4. Et pourtant des solutions existent
Le sous-sol ivoirien dispose de richesses évaluées à plus de 3 milliards de tonnes de fer, 390 millions de tonnes de nickel, 1.2 milliard de tonnes de bauxite, 3 millions de tonnes de manganèse et 100 000 carats de diamant. Les perspectives concernant les ressources fossiles (pétrole brut et gaz naturel) sont également prometteuses au regard des récentes découvertes d’hydrocarbures.
Les matières premières minérales, bien que n’entrant actuellement que pour 1% dans le PIB, sont un secteur d’avenir.
Durant la précédente décennie, les taux de transformation au plan local étaient de 2% pour le caoutchouc, 5% pour la noix de cajou, 10% pour le café, 20% pour le coton et 27% pour le cacao.
Quant aux TIC, elles bénéficient d’une demande en constante progression et la présence d’infrastructures adaptées. Ainsi, la contribution de la branche télécommunication au PIB est estimée à environ 6% sur ces cinq dernières années.

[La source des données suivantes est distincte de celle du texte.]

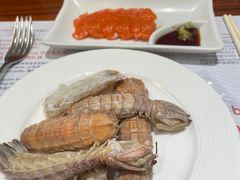 -佛山皇冠假日酒店-西餐厅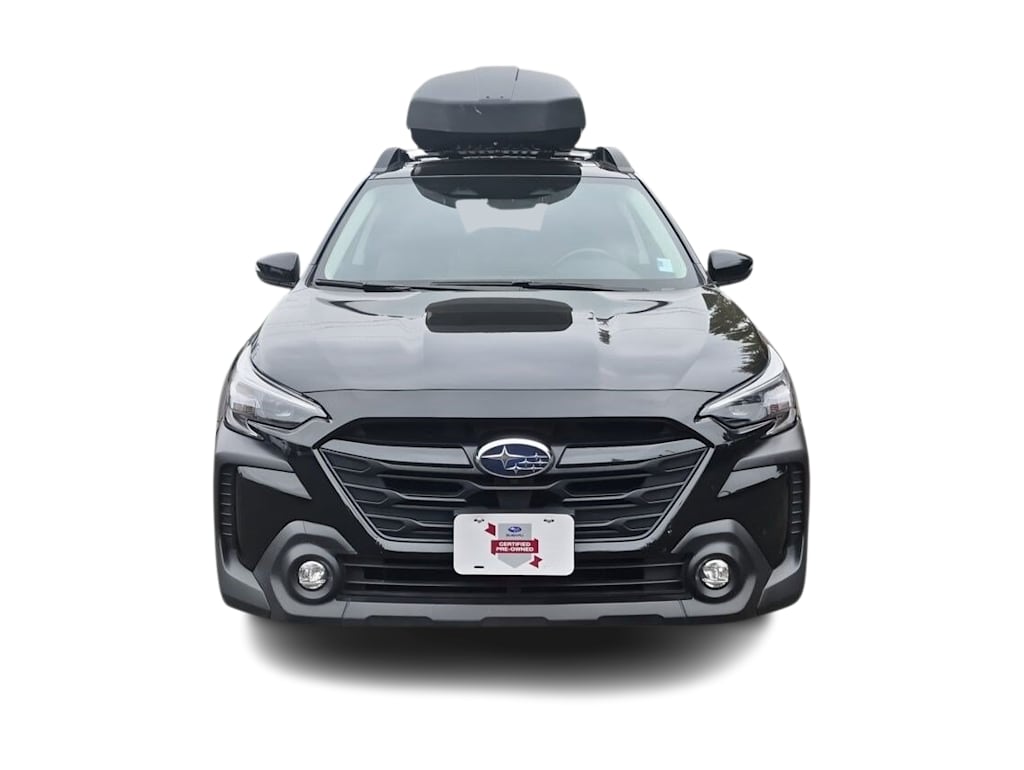 Thumbnail: 2025 Subaru Outback - 6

Les ivoiriens peuvent bien vivre dans leur pays si les gouvernants mettaient en œuvre une bonne politique économique. Il faudra sans doute :
– Réduire l’opacité caractérisant les contrats de partage de production entre le gouvernement et les compagnies pétrolières à travers différentes clauses de confidentialité qui empêchent une gestion transparente des ressources,
– Accélérer les réformes visant l’amélioration de la gouvernance et du climat des affaires, de l’efficience dans les secteurs financiers, de l’énergie et du café-cacao,
– Créer un instrument spécifique de gestion des revenus issus des ressources naturelles, pour qu’ils contribuent à l’effort de financement du développement,
– Ne pas compter que sur les dépenses publiques en infrastructures pour créer la croissance. Car il est impossible de construire un pont chaque année pour soutenir la croissance,
– Accroître la compétitivité des entreprises ivoiriennes en cassant les monopoles et en réduisant les charges de ces dernières. A titre de comparaison, la TVA est de 12% au Ghana, 5% au Nigeria et 18% pour la Côte d’Ivoire. La Côte d’Ivoire n’est pas compétitive par rapport au Ghana et au Nigeria car les produits sont plus chers en Côte d’Ivoire que dans ces pays.
– Sur le plan politique, normaliser les institutions du pays, renforcer le processus démocratique et les progrès en matière de réunification et de réconciliation.